▸ **What you are asked to do**
Apart from the images, every record below must be given again without alteration.
** Opening Given information block **
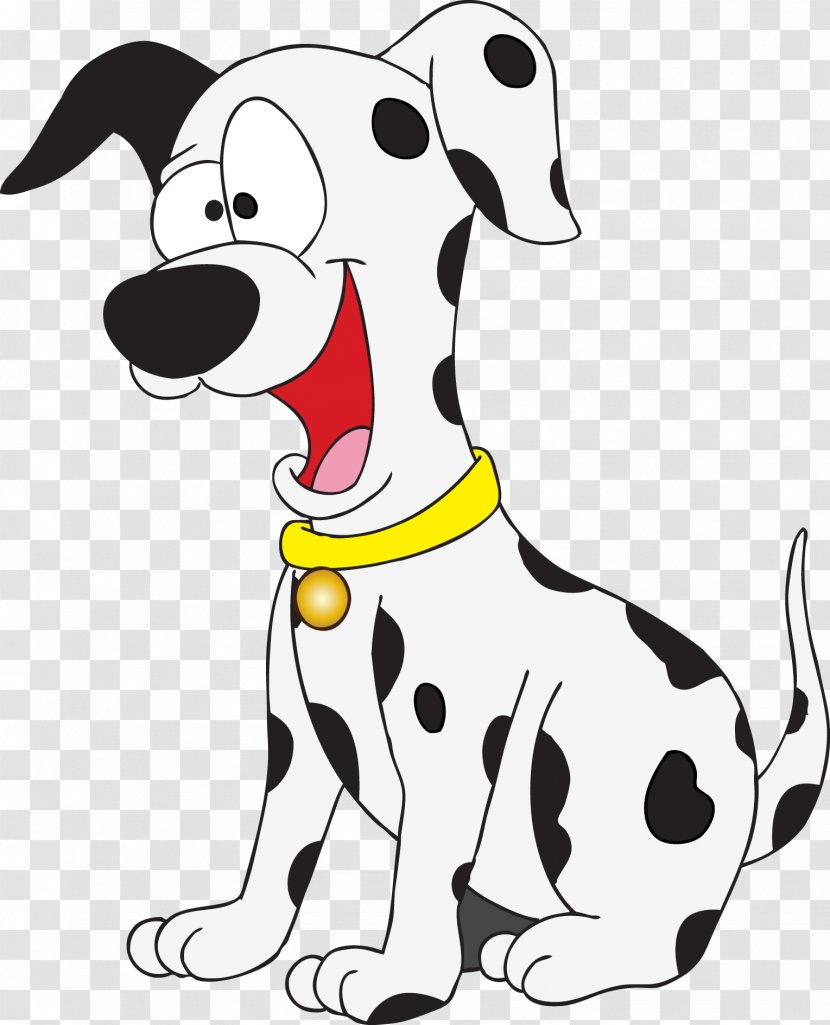Dalmatian Dog Puppy Breed Party Child - Children S Transparent PNG
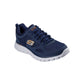 Sneakers Skechers Burns - Agoura 52635/NVOR Uomo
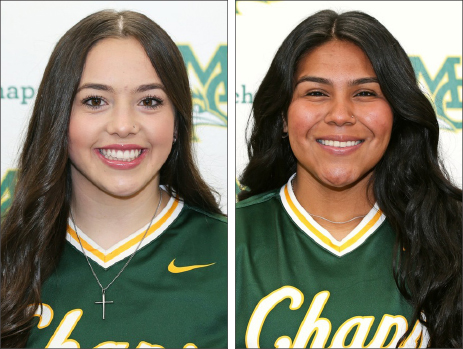 WJCAC Softball Players of the Week (April 16-22)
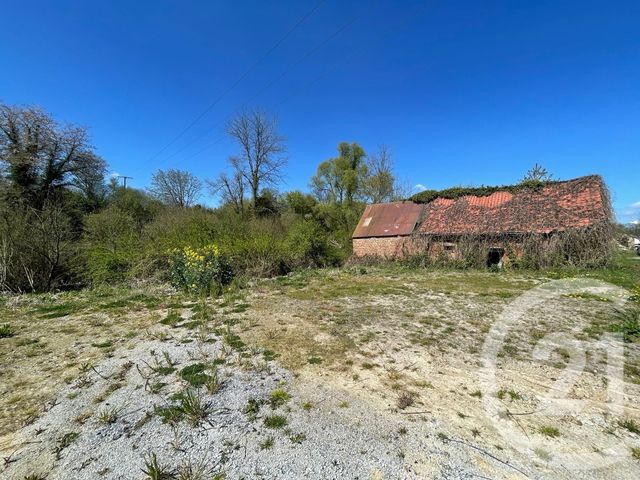 maison à vendre - 3 pièces - 60.0 m2 - IRON - 02 - PICARDIE - Century 21 Agence Du Fort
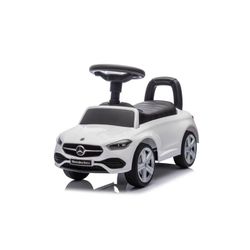 CORREPASILLOS MERCEDES BENZ BLANCO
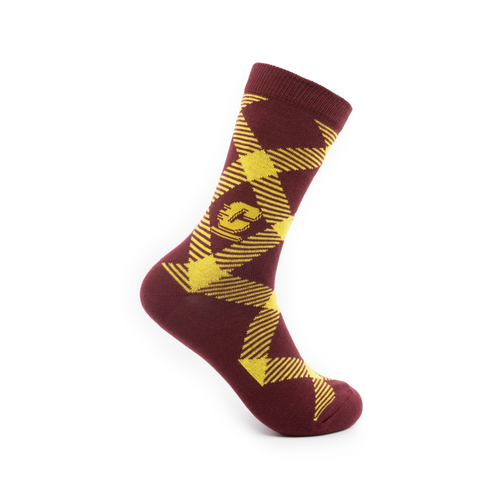 Central Michigan Socks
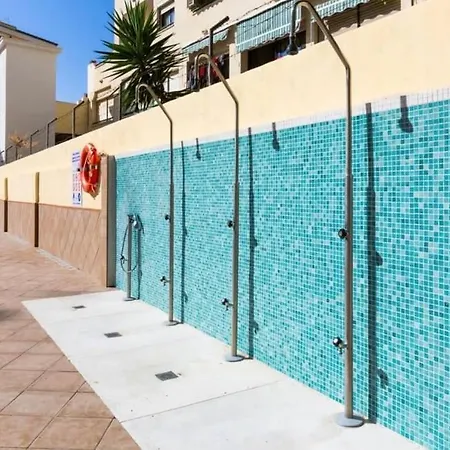 Precioso Ii Pack Bienvenida Gratis * Torremolinos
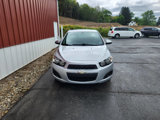 Used 2014 Chevrolet Sonic LS image 4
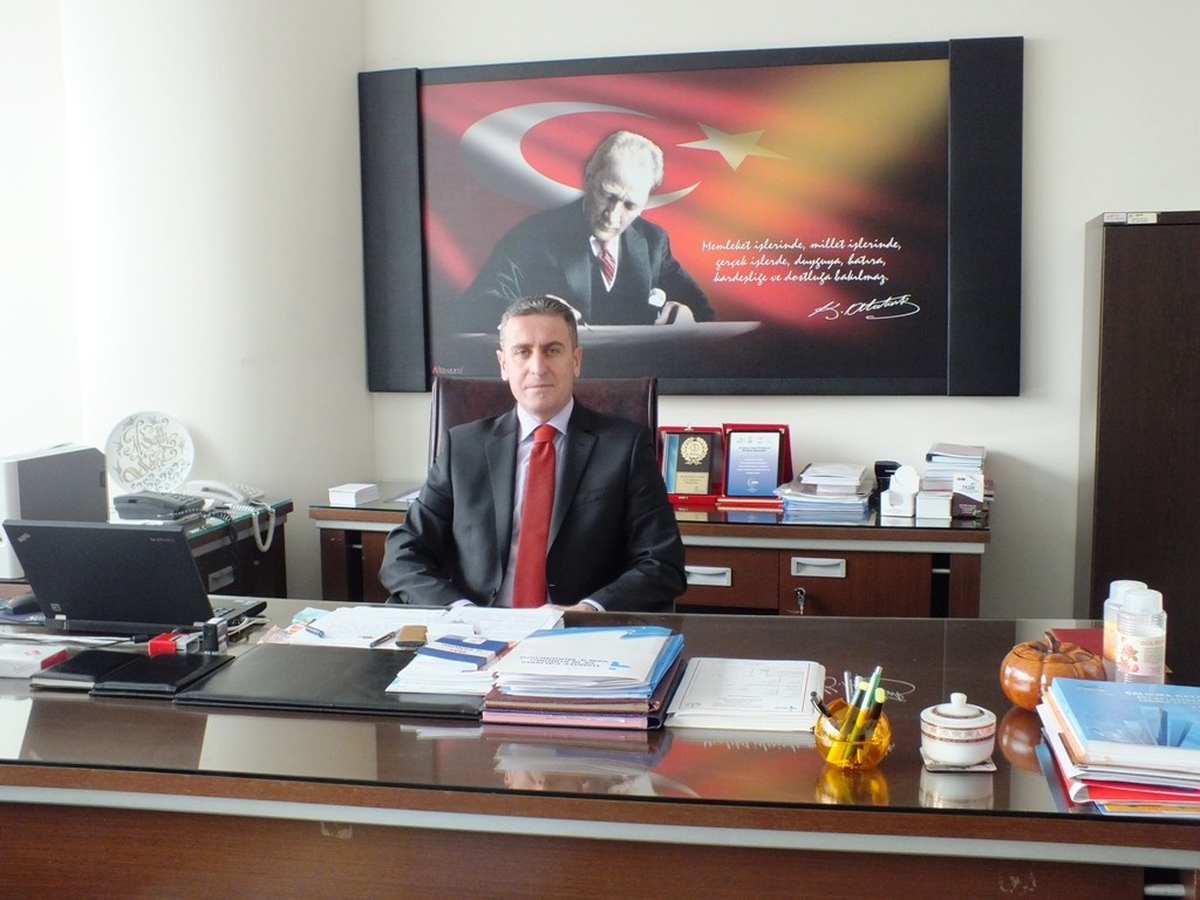Van\'da \'Korumalı İşyeri Projesi\' Teklif Çağrısı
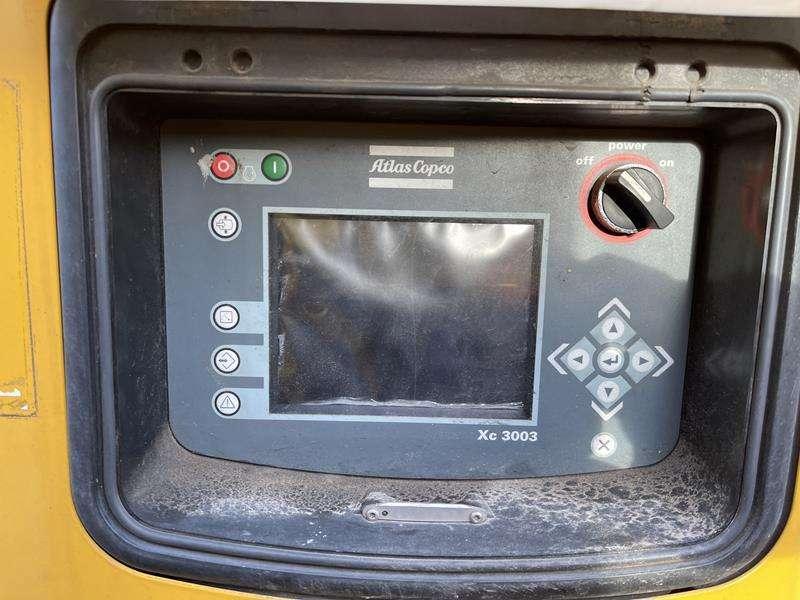 Atlas Copco XAHS 447 CD - N Photo 10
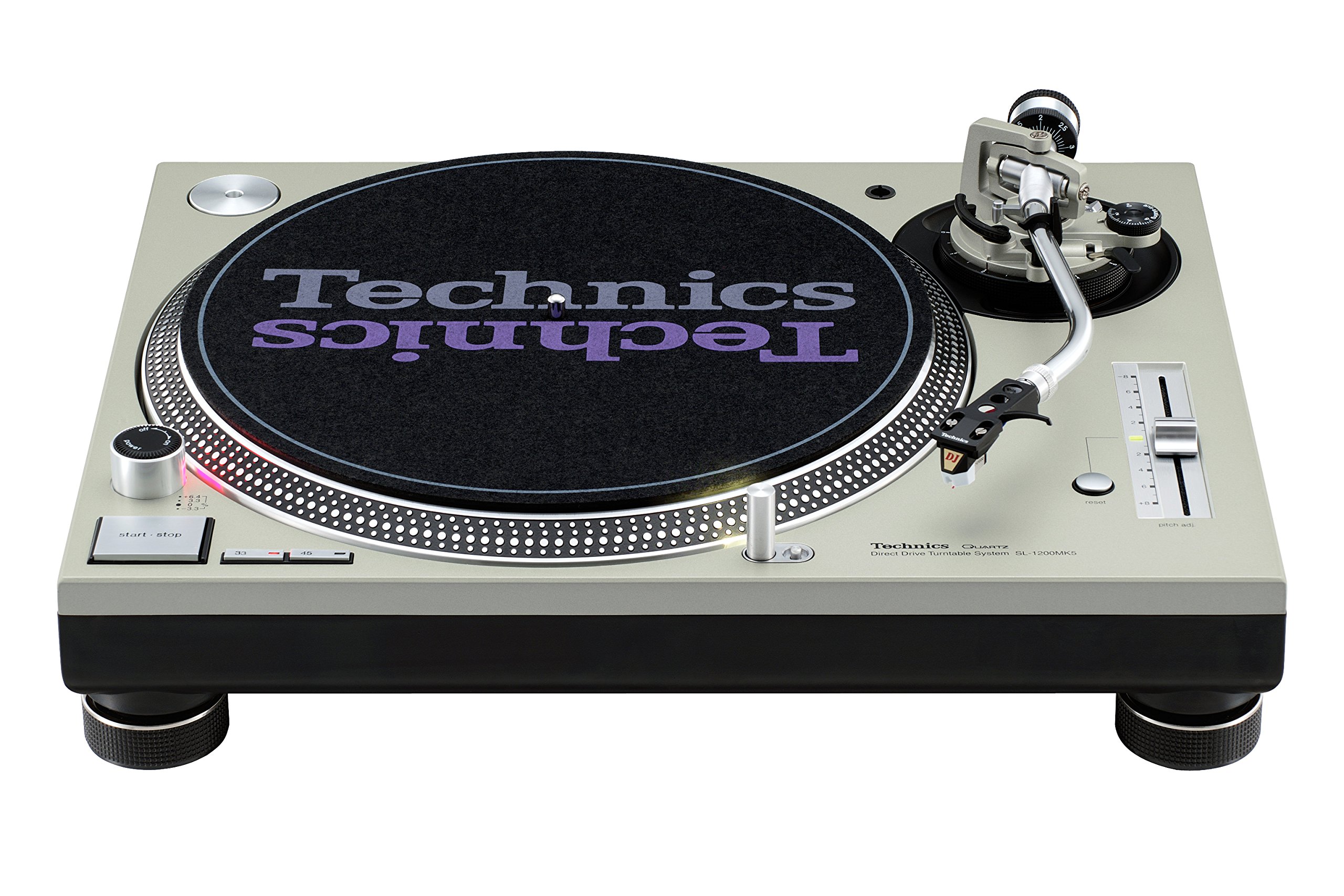 Amazon.co.jp: Technics クォーツシンセサイザーD.D.プレーヤー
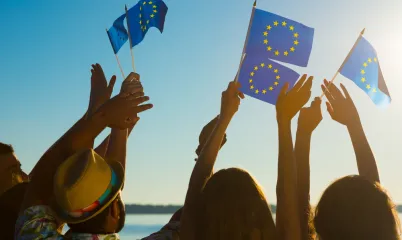 Avrupa Günü'nde Keşfetmeniz Gereken 5 Tarihi Avrupa Şehri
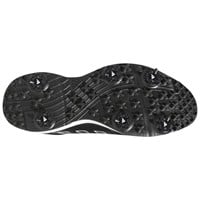 adidas Men's Tech Response 3.0 Golf Shoes, Black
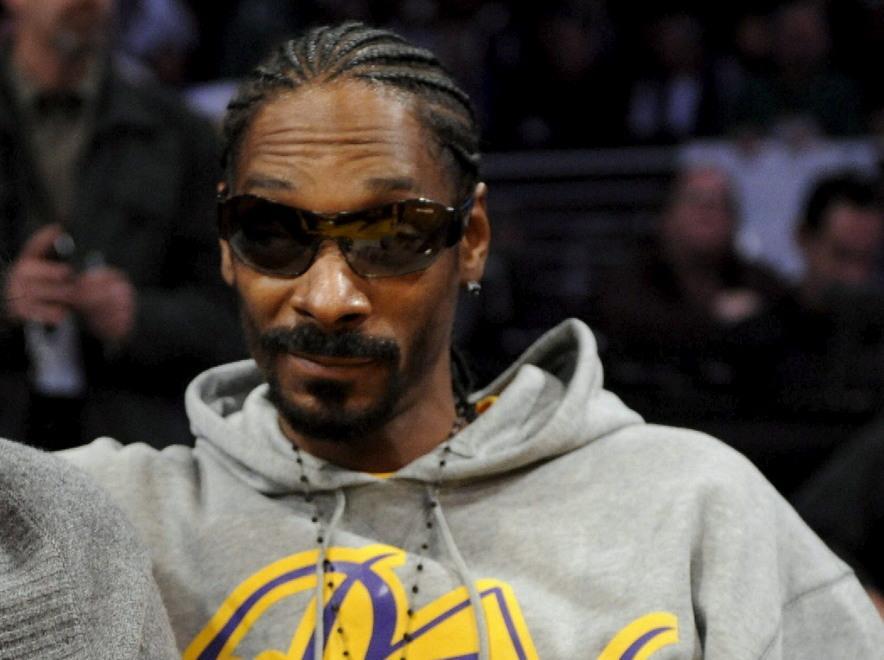 Al Summer Festival il rapper Snoop Dogg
** Closing Given information block **
▸ **Answer space**
Dalmatian Dog Puppy Breed Party Child - Children S Transparent PNG
 Sneakers Skechers Burns - Agoura 52635/NVOR Uomo
 WJCAC Softball Players of the Week (April 16-22)
 maison à vendre - 3 pièces - 60.0 m2 - IRON - 02 - PICARDIE - Century 21 Agence Du Fort
 CORREPASILLOS MERCEDES BENZ BLANCO
 Central Michigan Socks
 Precioso Ii Pack Bienvenida Gratis * Torremolinos
 Used 2014 Chevrolet Sonic LS image 4
Van\'da \'Korumalı İşyeri Projesi\' Teklif Çağrısı
 Atlas Copco XAHS 447 CD - N Photo 10
 Amazon.co.jp: Technics クォーツシンセサイザーD.D.プレーヤー
 Avrupa Günü'nde Keşfetmeniz Gereken 5 Tarihi Avrupa Şehri
 adidas Men's Tech Response 3.0 Golf Shoes, Black
 Al Summer Festival il rapper Snoop Dogg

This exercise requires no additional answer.